(Information shown)
---------------

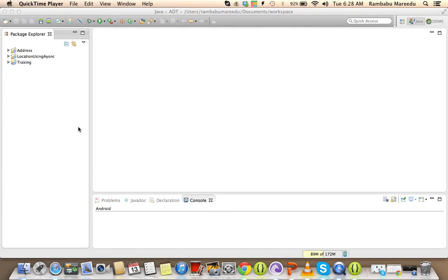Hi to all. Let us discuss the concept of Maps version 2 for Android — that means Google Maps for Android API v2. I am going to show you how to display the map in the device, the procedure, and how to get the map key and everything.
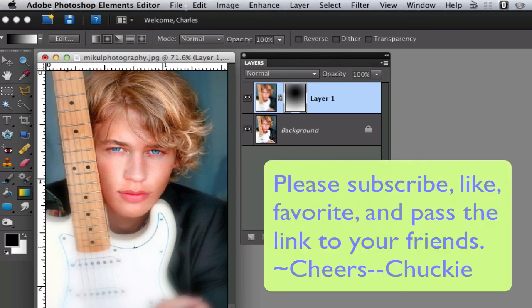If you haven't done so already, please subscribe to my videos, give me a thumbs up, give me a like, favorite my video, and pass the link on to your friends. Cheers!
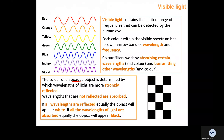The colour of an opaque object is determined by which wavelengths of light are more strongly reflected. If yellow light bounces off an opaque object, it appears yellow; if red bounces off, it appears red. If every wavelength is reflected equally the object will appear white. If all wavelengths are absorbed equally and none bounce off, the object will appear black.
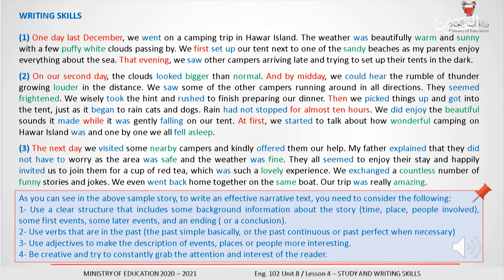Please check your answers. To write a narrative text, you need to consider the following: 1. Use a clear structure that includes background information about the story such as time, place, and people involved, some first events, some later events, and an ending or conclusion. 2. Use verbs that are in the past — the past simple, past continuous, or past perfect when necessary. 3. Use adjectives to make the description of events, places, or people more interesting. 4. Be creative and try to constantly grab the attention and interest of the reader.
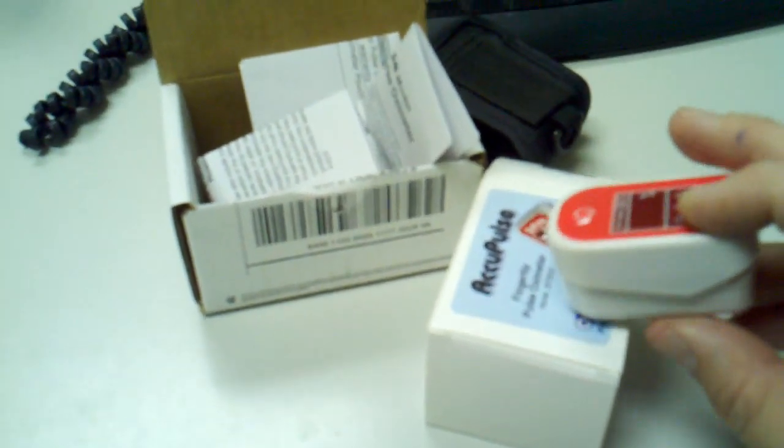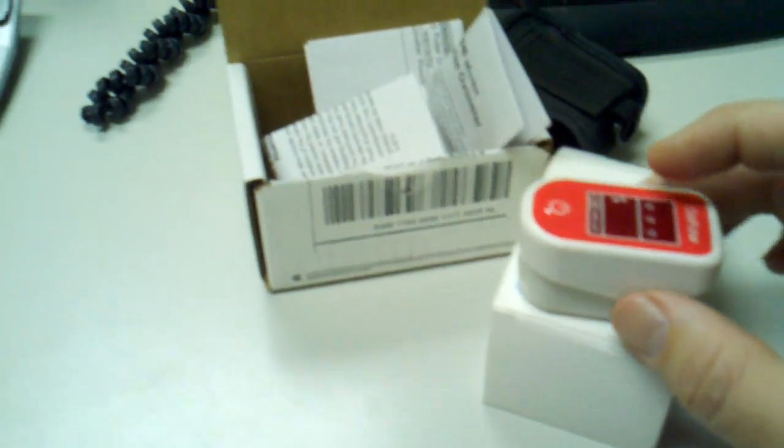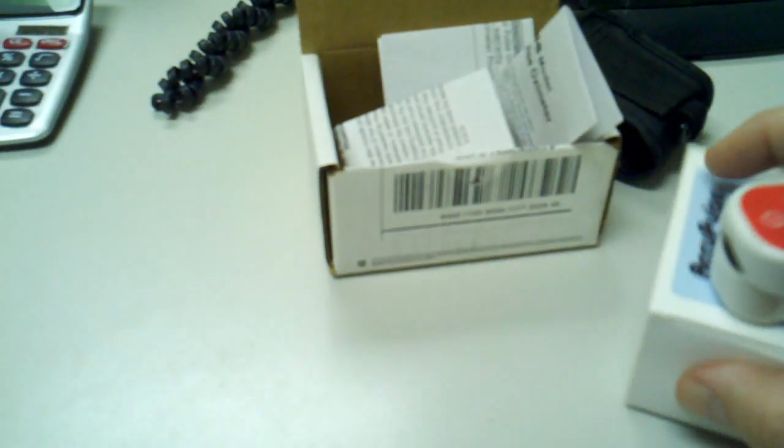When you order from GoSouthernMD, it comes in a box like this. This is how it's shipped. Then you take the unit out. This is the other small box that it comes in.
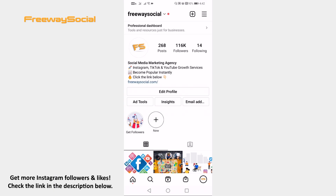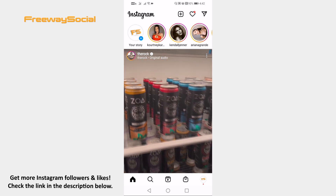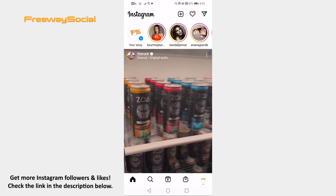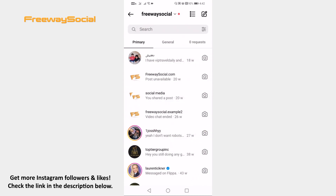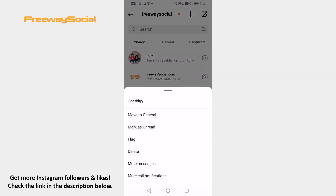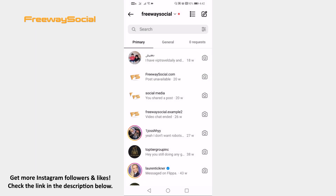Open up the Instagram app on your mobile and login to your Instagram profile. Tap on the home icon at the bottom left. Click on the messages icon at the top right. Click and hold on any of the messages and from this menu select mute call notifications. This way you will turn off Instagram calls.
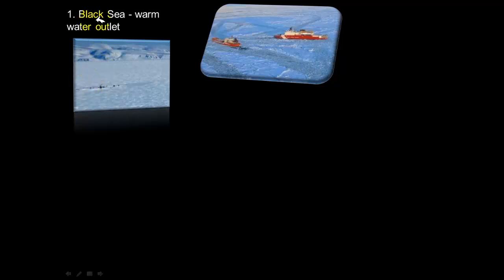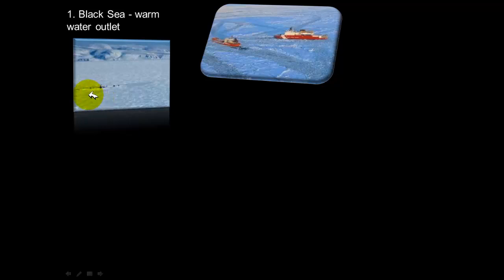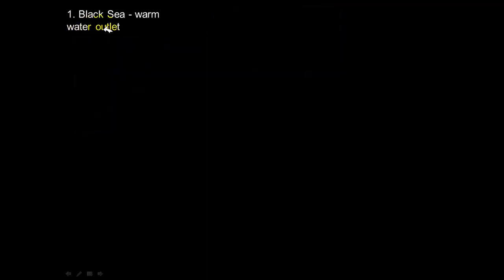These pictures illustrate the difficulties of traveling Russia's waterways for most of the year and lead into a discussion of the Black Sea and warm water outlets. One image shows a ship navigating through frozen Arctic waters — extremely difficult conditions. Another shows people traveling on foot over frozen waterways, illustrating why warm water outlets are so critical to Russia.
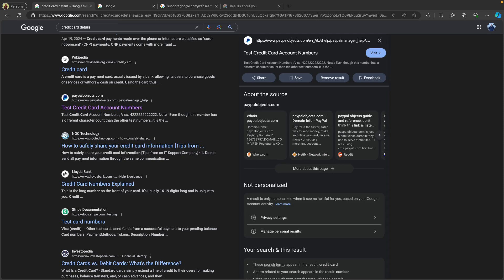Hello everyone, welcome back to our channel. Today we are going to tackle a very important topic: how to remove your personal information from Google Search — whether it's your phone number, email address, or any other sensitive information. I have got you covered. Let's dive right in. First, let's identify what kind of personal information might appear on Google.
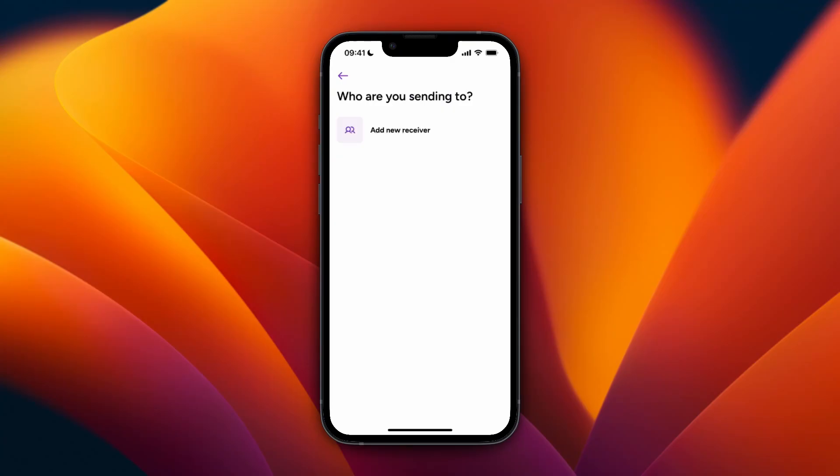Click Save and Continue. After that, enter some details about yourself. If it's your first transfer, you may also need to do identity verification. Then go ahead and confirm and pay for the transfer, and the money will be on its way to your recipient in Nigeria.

---------------

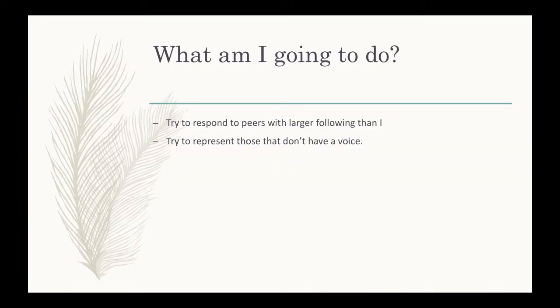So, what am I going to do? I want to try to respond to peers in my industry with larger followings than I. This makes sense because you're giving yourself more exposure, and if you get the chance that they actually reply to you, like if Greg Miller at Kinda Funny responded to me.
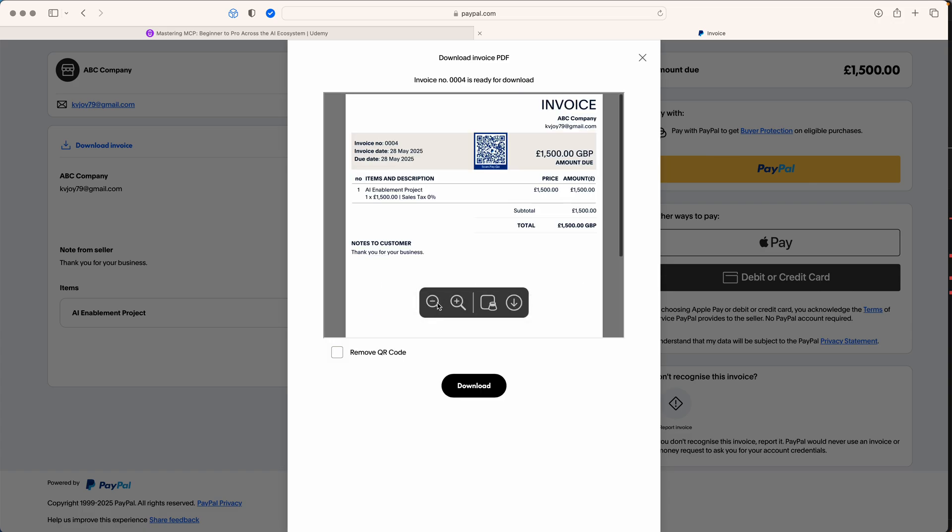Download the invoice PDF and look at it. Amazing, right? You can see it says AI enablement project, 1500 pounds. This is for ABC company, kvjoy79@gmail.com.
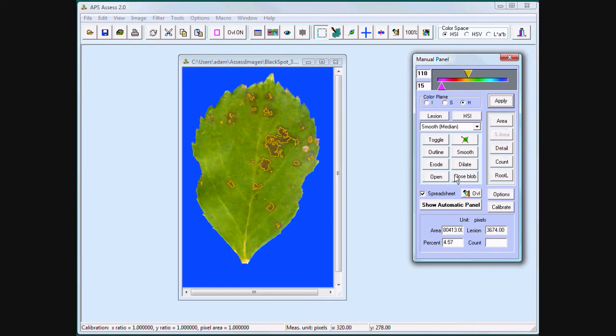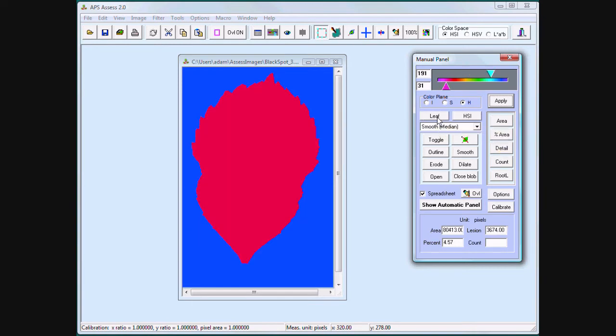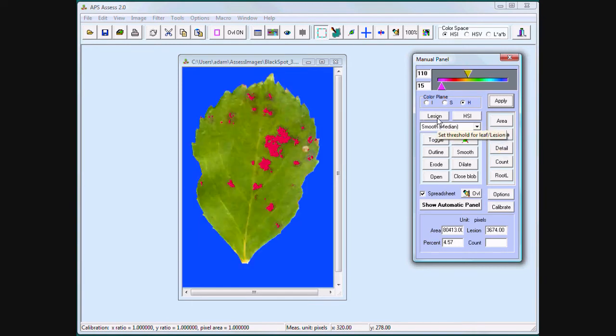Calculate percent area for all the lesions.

---------------

(Task to complete) Reproduce the data above exactly, but only from the line containing "Hi to all. Let" through the line containing "If you haven't". Omit all pictures.

(Expected answer)
Hi to all. Let us discuss the concept of Maps version 2 for Android — that means Google Maps for Android API v2. I am going to show you how to display the map in the device, the procedure, and how to get the map key and everything.
If you haven't done so already, please subscribe to my videos, give me a thumbs up, give me a like, favorite my video, and pass the link on to your friends. Cheers!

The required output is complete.